Institute of Dentistry, School of Medicine, Medical Sciences and Nutrition, University of Aberdeen, Aberdeen, AB25 2ZR, United Kingdom; Center for Research in Oral Cancer, Department of Basic Sciences, Faculty of Dental Sciences, University of Peradeniya, Kandy, 20400, Sri Lanka.
Department of Computer Engineering, Faculty of Engineering, University of Peradeniya, Kandy, 20400, Sri Lanka.
Oral Oncol. 2024 Sep;156:106946. doi: 10.1016/j.oraloncology.2024.106946. Epub 2024 Jul 13.
This study aims to address the critical gap of unavailability of publicly accessible oral cavity image datasets for developing machine learning (ML) and artificial intelligence (AI) technologies for the diagnosis and prognosis of oral cancer (OCA) and oral potentially malignant disorders (OPMD), with a particular focus on the high prevalence and delayed diagnosis in Asia.
Following ethical approval and informed written consent, images of the oral cavity were obtained from mobile phone cameras and clinical data was extracted from hospital records from patients attending to the Dental Teaching Hospital, Peradeniya, Sri Lanka. After data management and hosting, image categorization and annotations were done by clinicians using a custom-made software tool developed by the research team.
A dataset comprising 3000 high-quality, anonymized images obtained from 714 patients were classified into four distinct categories: healthy, benign, OPMD, and OCA. Images were annotated with polygonal shaped oral cavity and lesion boundaries. Each image is accompanied by patient metadata, including age, sex, diagnosis, and risk factor profiles such as smoking, alcohol, and betel chewing habits.

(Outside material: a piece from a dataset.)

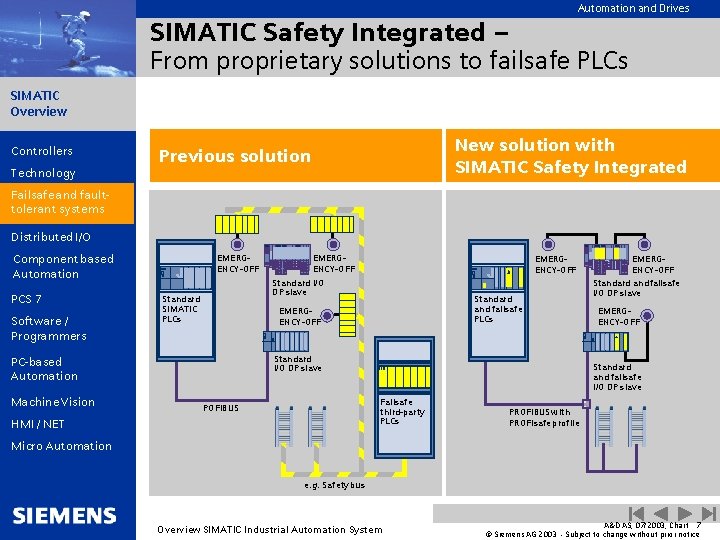 Automation and Drives SIMATIC Safety Integrated – From proprietary solutions to failsafe PLCs SIMATIC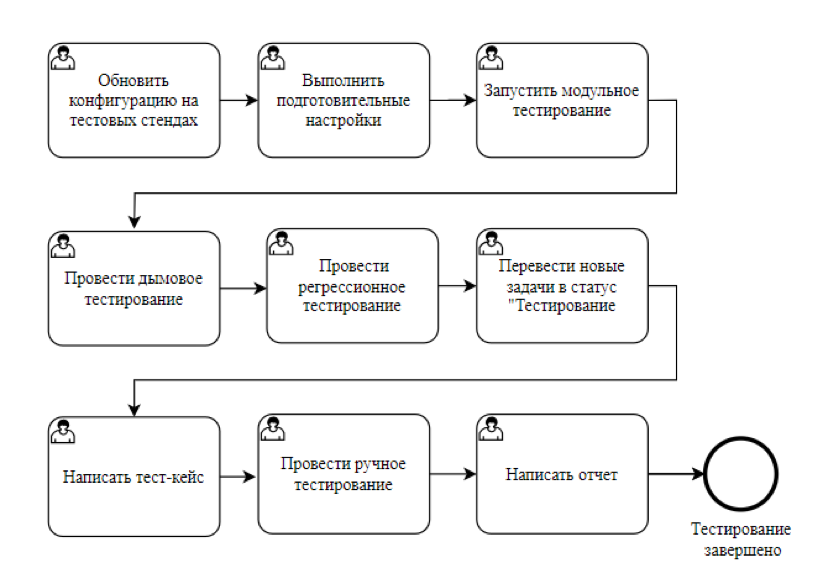 Процесс ручного тестирования конфигураций ПП ИС 1С:ERP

Researchers can utilize the annotated images in the COCO format, along with the patients' metadata, to enhance ML and AI algorithm development.
本研究旨在解决一个关键问题,即缺乏可公开获取的用于开发机器学习 (ML) 和人工智能 (AI) 技术的口腔图像数据集,以用于口腔癌 (OCA) 和口腔潜在恶性疾病 (OPMD) 的诊断和预后,特别是针对亚洲高发和诊断延迟的问题。
在获得伦理批准和书面知情同意后,我们使用来自斯里兰卡佩拉德尼亚牙科教学医院患者的移动电话摄像头获取口腔图像,并从医院记录中提取临床数据。在进行数据管理和托管后,由临床医生使用研究团队开发的定制软件工具对图像进行分类和注释。
我们从 714 名患者中获得了包含 3000 张高质量、匿名图像的数据集,将其分为四个不同类别:健康、良性、OPMD 和 OCA。对图像进行了多边形形状的口腔和病变边界标注。每张图像都附有患者的元数据,包括年龄、性别、诊断以及吸烟、饮酒和咀嚼槟榔等风险因素的概况。
研究人员可以使用 COCO 格式的标注图像以及患者的元数据来增强 ML 和 AI 算法的开发。